Un amendement de la commission des finances vise à assurer le suivi des fonds et à prévenir les conflits d'intérêts au sein des SPL.

Le RDSE votera ce texte. (M. Marc Laménie applaudit.)

M. Antoine Lefèvre .  - (Applaudissements sur les travées des groupes Les Républicains et UC) Depuis leur création par la loi du 28 mai 2010, les SPL ont montré leur efficacité, en complément des services publics industriels et commerciaux (Spic), en particulier dans la promotion de la culture, si pénalisée par la crise sanitaire.

Les collectivités territoriales financent le secteur culturel à 70 %. Tour Eiffel, Palais des papes, Château des ducs de Bretagne, abbaye de Fontevraud : autant de sites administrés par des SPL, qui gèrent aussi de nombreux théâtres, cinémas et festivals. Ouvrir le mécénat culturel aux SPL serait une juste reconnaissance d'un modèle qui fonctionne.

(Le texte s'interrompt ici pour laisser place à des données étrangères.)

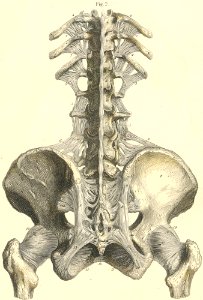 8-2 Ligaments of the lower part of the spine, and of the p…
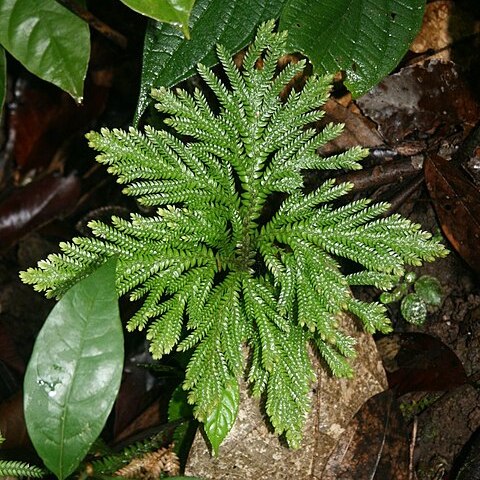 Selaginella arthritica unspecified picture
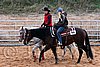 QH062_1581n.jpg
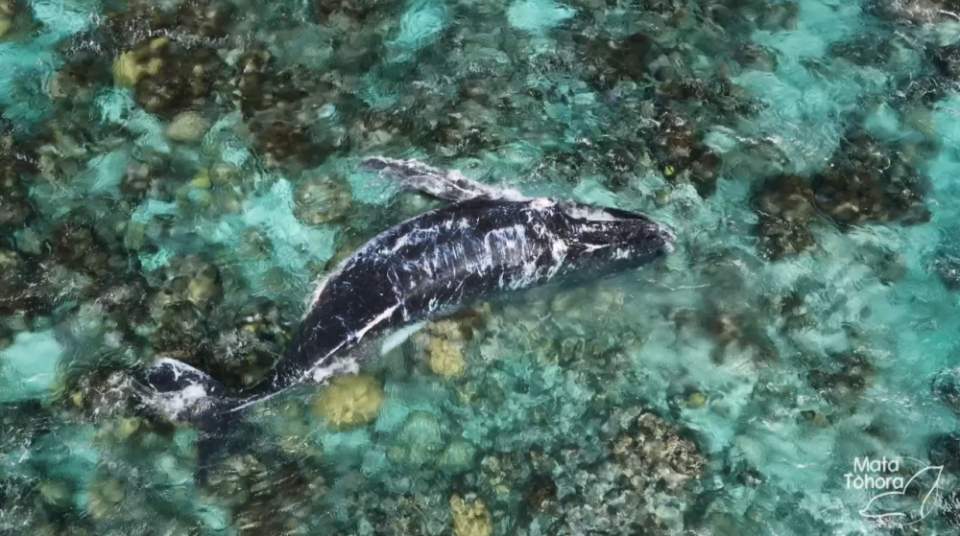 À Papara, la baleine et son baleineau morts remorqués au large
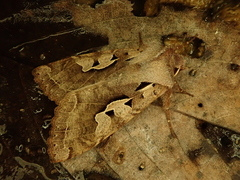 Perigrapha hoenei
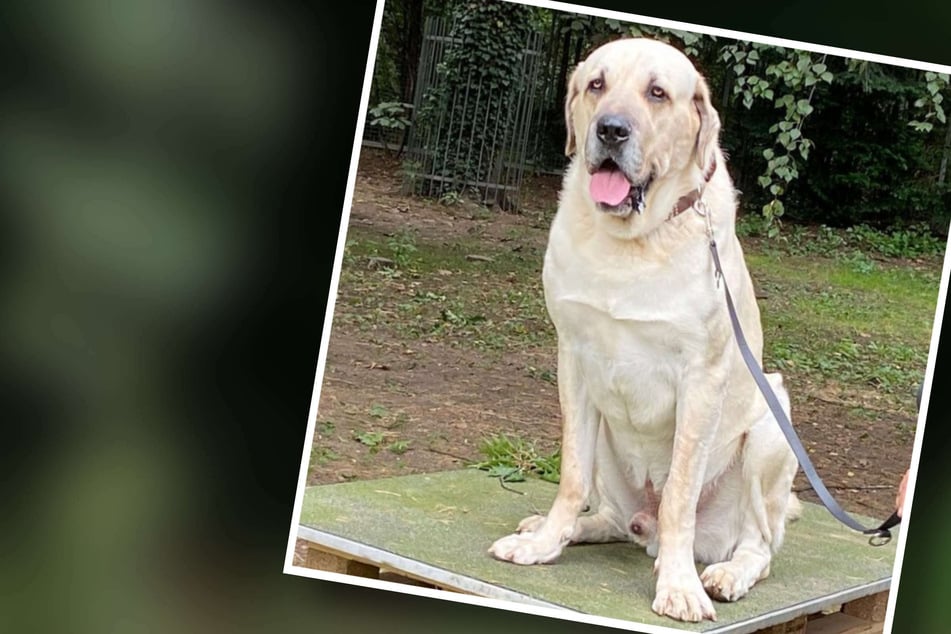 Besitzer war überfordert: Riesiger Hund verbrachte Großteil seines Lebens im Tierheim
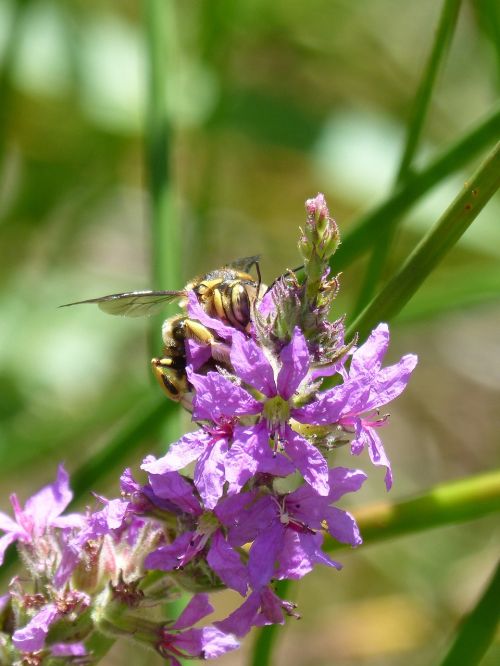 Hornet, Gėlė, Libar, Žaluma, Išsamiai, Megascolia Maculata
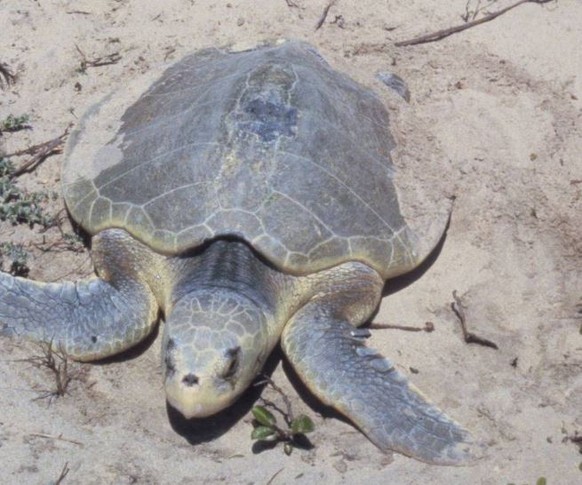 Besonders stark von den Folgen der Ölkatastrophe betroffen: die atlantische Bastardschildkröte.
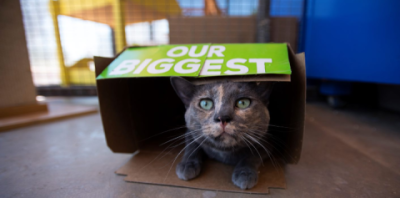 A cat sitting in a small box that has the words &#039;OUR BIGGEST&quot; printed on the top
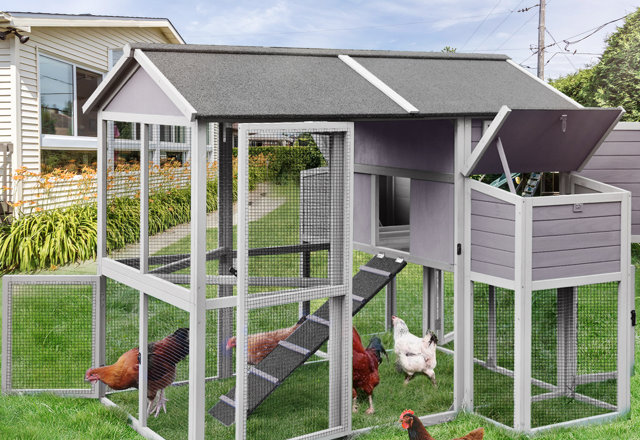 Chicken Coops for Less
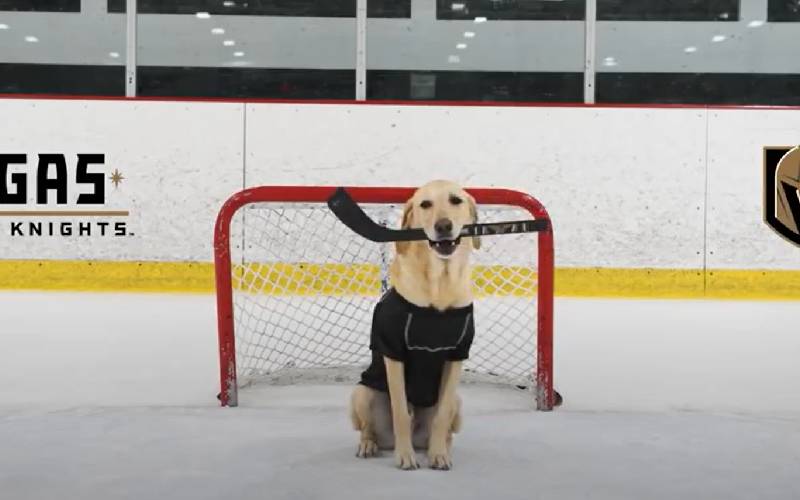 Cachorro patinador no gelo de 8 anos, ganha um prêmio nacional de excelência cachorro-patinador-ganha-premio-da-akc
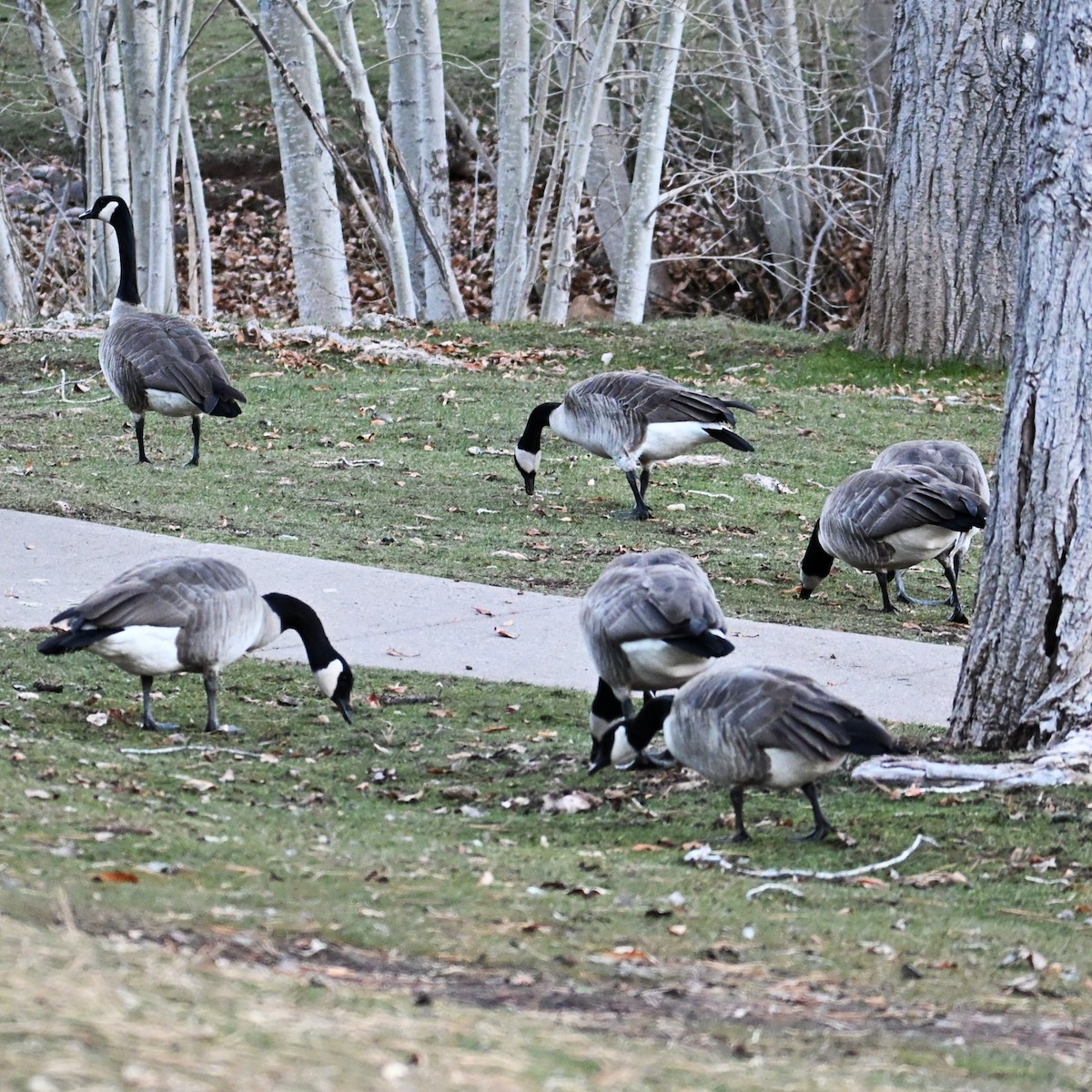 berneška velká - ML646803675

La gouvernance des SPL est intégralement publique, et la loi 3DS a instauré des mécanismes de prévention des conflits d'intérêts. Mésusage des fonds ou faits du prince ne sont pas à craindre.

Notre proposition de loi crée un système vertueux. Pari gagnant sur tous les plans, pour les entreprises et les collectivités territoriales.

Je remercie mes trois coauteurs et j'espère que l'Assemblée nationale sera sensible à notre travail transpartisan. Je regrette la position du ministre, aux antipodes de la nôtre, car ce texte est dans l'intérêt de nos territoires et de la vitalité culturelle. (Applaudissements)

M. Jean-Pierre Grand .  - Le monde de la culture a été durement éprouvé par la pandémie. Qu'est-ce qu'un théâtre, un cinéma ou un musée sans public ? Le modèle économique a été mis à mal, même si Gouvernement et Parlement se sont très tôt mobilisés pour aider les acteurs, en plus des collectivités territoriales.

Nous devons inventer de nouvelles ressources pour pérenniser les activités culturelles. Notre groupe avait formulé plusieurs propositions lors du débat budgétaire. Le présent texte s'inscrit dans la même logique.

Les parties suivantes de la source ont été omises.